Er fand, dass Sarrazin mit der Veröffentlichung von „Deutschland schafft sich ab" Mut bewiesen habe, da er bestehende Probleme offen anspreche. Die biologistischen Thesen in dessen Buch lehnte er allerdings ab. Gelesen hatte er es wohl auch nicht. Die Sexismus-Debatte um den Fall Brüderle spielte er als Tugendfuror herunter. Eine besonders gravierende Fehlhaltung von Männern gegen Frauen könne er hierzulande nicht feststellen. Als sich daraufhin Protest regte, suchte er den Dialog und betonte auf einmal die Notwendigkeit einer engagierten Diskussion über den Alltags-Sexismus in der Gesellschaft.
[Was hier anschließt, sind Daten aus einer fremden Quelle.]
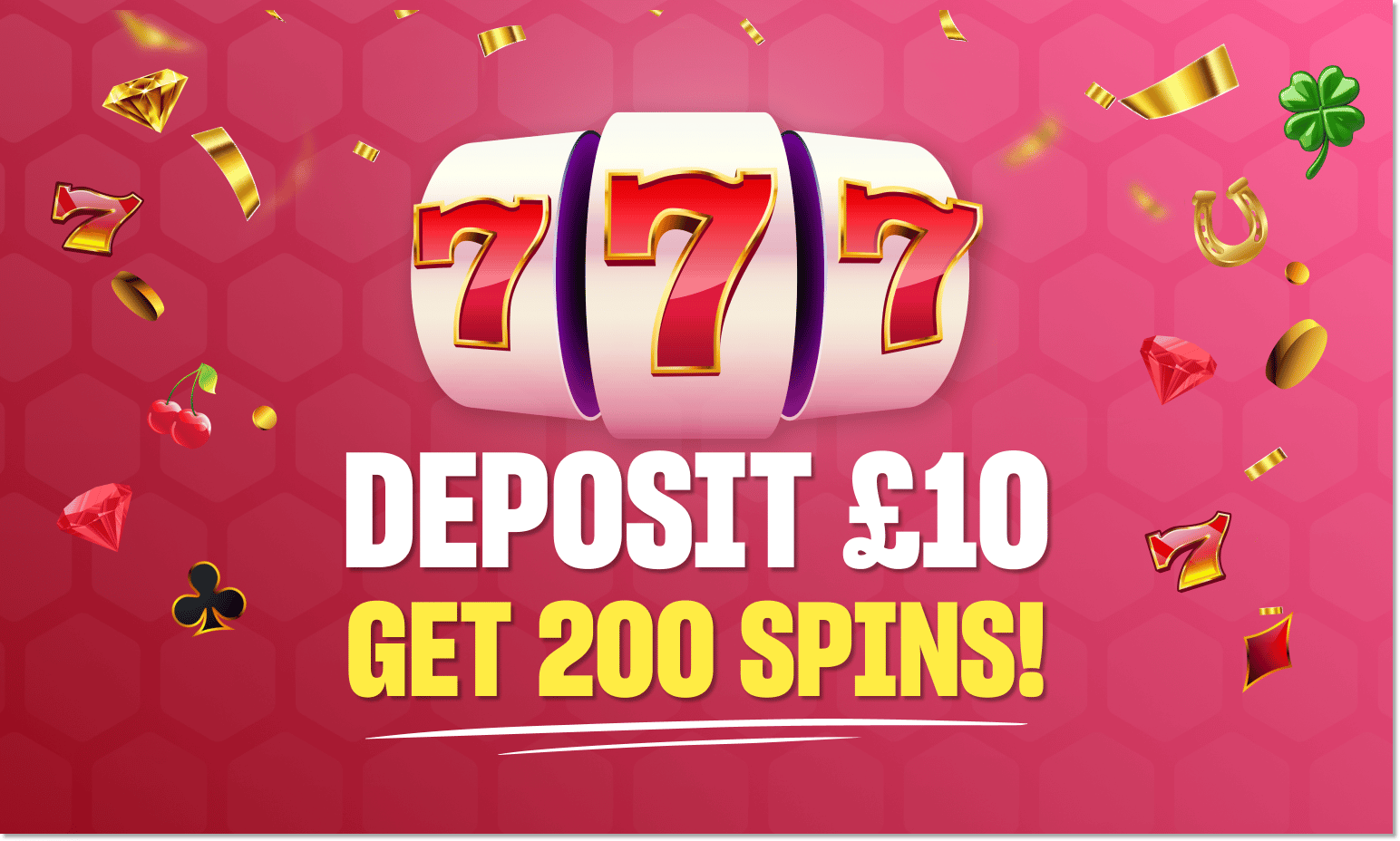 A slot game icon with floating slot symbols on a pink background, with text deposit £10 get 200 spins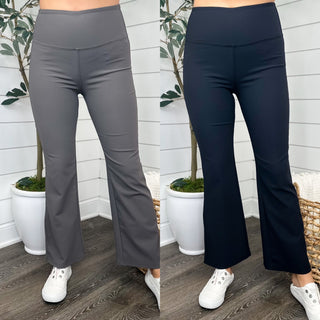 White Birch Dance All Day High Rise Ribbed Flare Bottoms - 2 colors!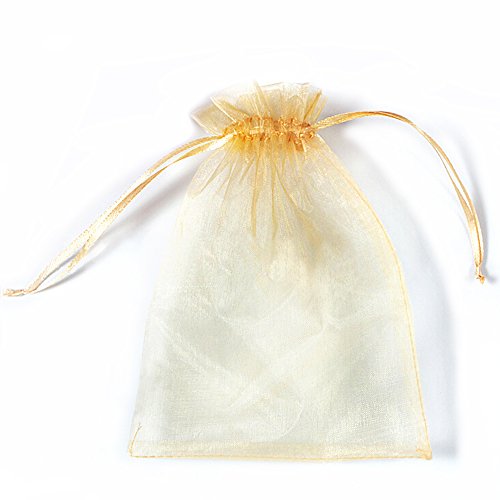 YFZYT Organzabeutel Schmuckbeutel Organza Bonbonsbeutel Hochzeit Geschenk Geburtstag Säckchen Fest Party Beutel 7 X 9CM (100Stk, Gold) von YFZYT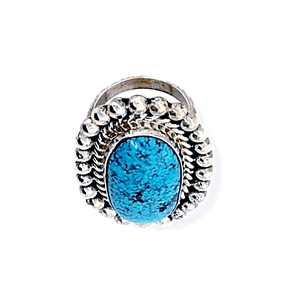 Native American Ring - Navajo Oval Kingman Turquoise Ring With Drops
Mit dem Satz seines Vorgängers „Der Islam gehört zu Deutschland“ fremdelte er, wenn er auch seine Intention annehmen wollte. In Sachen Religion hätte sich der Theologe differenziertere Aussagen von Wulff gewünscht, auch wenn er diese selbst oft genug schuldig blieb. Viel Sensibilität zeigte er jedenfalls auch im Umgang mit diesem Thema nicht.
Gauck gab sich widersprüchlich, manchmal wirr und seine Aussagen wirkten oft unüberlegt. Er mag vielleicht ein einnehmender Redner sein, aber einen brillanten Rhetoriker, Denker und großen Demokraten habe ich dabei nicht entdecken können.